REQUIRED ACTION »
Restate exactly the lines that run from the start of the records below to the line containing "Set Premium Stolica Azalia Fabric Beige X6 2", counting both ends, and nothing else; pictures stay out.

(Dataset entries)
◇ ◇ ◇ ◇ ◇

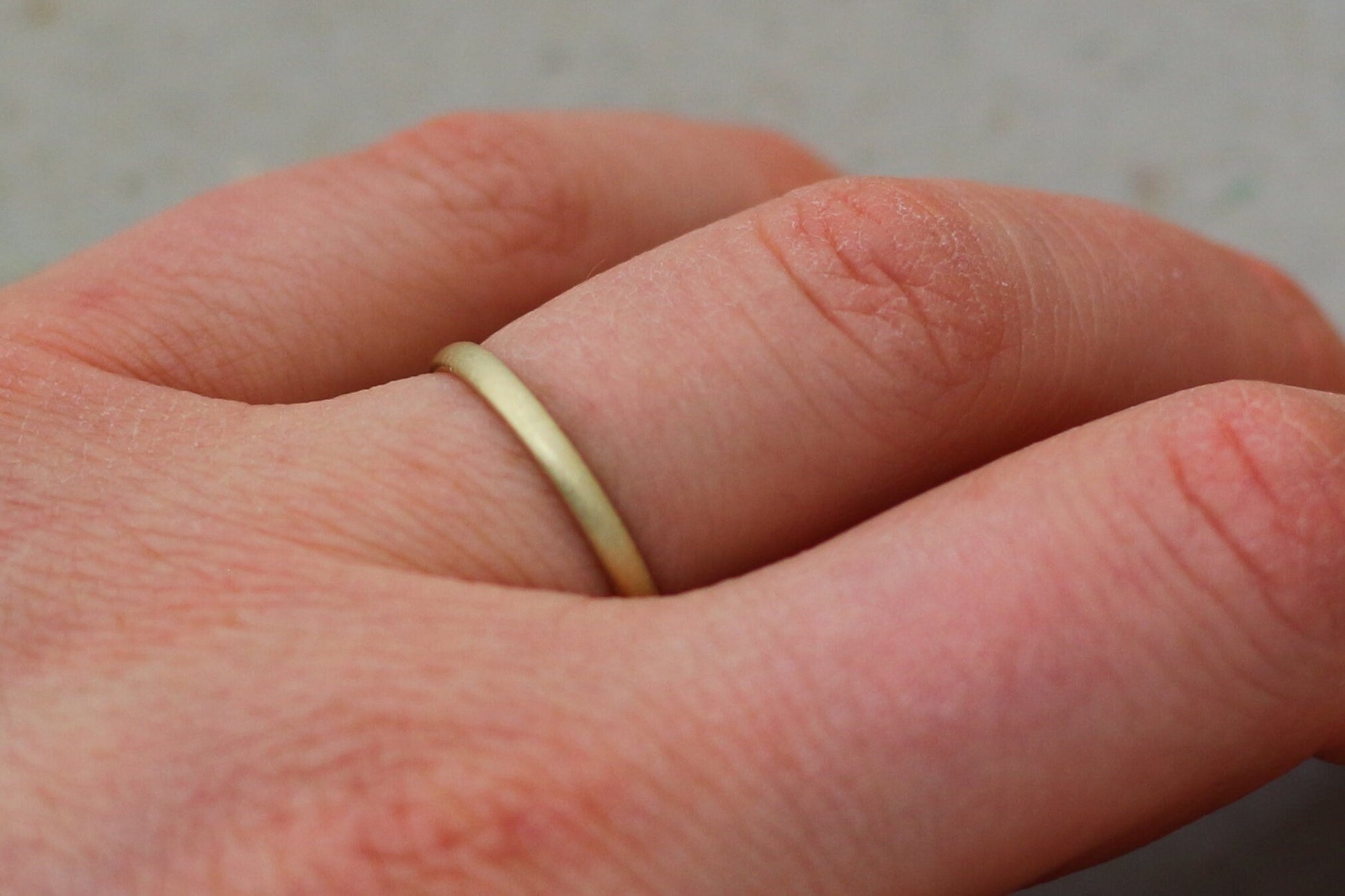Gelbgold Eheringe (333/585/750) | schmal, breit, schlicht,gewölbt - Goldschmiede Miret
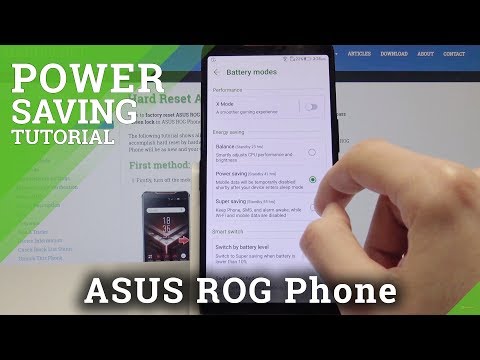 ASUS ROG Phone에서 절전 모드를 사용하는 방법 – 배터리 세이버 설정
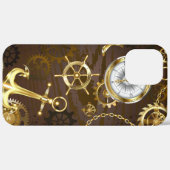 Achtergrond van hout met mechanische zeepaardjes Case-Mate iPhone case (Achterkant / Rechts)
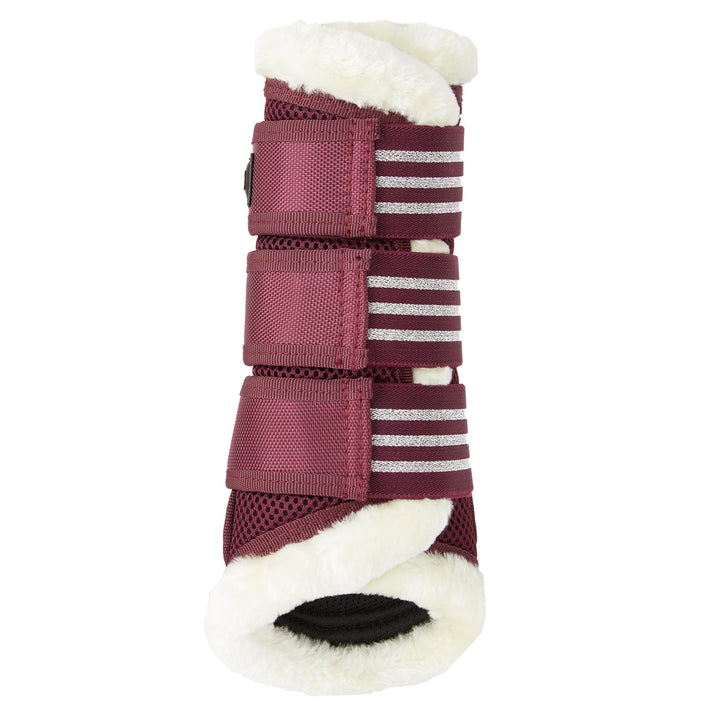 Horze Lincoln Faux Fur Brushing Boots - L - New!
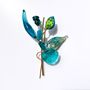 Cadeaux - Broche plaqué or 18 carats et verre de Murano artisan - CHAMA NAVARRO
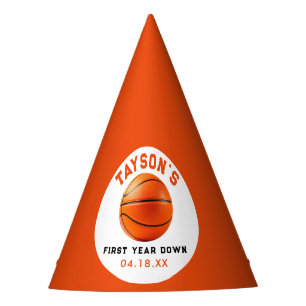 Chapeaux De Fètes Basketball première année bas 1er anniversaire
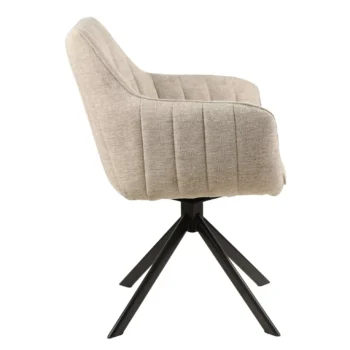 Set Premium Stolica Azalia Fabric Beige X6 2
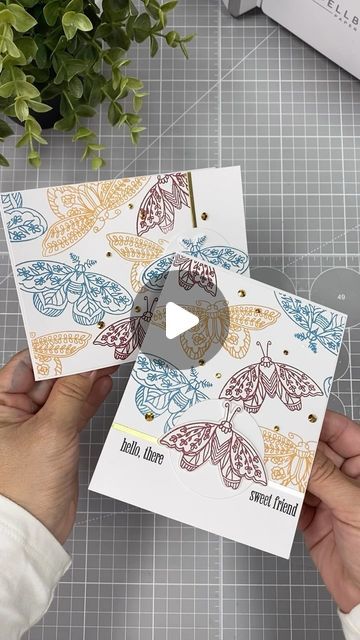 Bibi Cameron on Instagram: "3 minute + super easy  #cardmaking ideas.  Using  @altenewllc Midnight Moths stamp and dies available also at the @simonsaysstamp stamp online store.  Find more info and the complete supplies list in my blog - link in bio ⬇️  Visit www.bibicameron@gmail.com and type in the search box “Moths” to find this and similar posts at any time.  Happy Crafting   #cardmaking #papercraft #moths #altenew #diy #crafts #stamping #cardmakersofinstagram #crafterofinstagram #altenewinks" Bibi Cameron, Cardmaking Ideas, Supply List, Card Making Techniques, Card Layout, Card Maker, Dragonflies, The Search, Moth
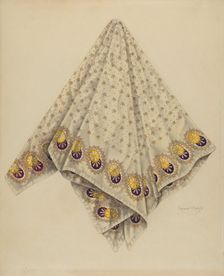 Handkerchief, 1938. Creator: Grace Halpin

◇ ◇ ◇ ◇ ◇

RESPONSE TO THE EXERCISE »
Gelbgold Eheringe (333/585/750) | schmal, breit, schlicht,gewölbt - Goldschmiede Miret
 ASUS ROG Phone에서 절전 모드를 사용하는 방법 – 배터리 세이버 설정
 Achtergrond van hout met mechanische zeepaardjes Case-Mate iPhone case (Achterkant / Rechts)
 Horze Lincoln Faux Fur Brushing Boots - L - New!
 Cadeaux - Broche plaqué or 18 carats et verre de Murano artisan - CHAMA NAVARRO
 Chapeaux De Fètes Basketball première année bas 1er anniversaire
 Set Premium Stolica Azalia Fabric Beige X6 2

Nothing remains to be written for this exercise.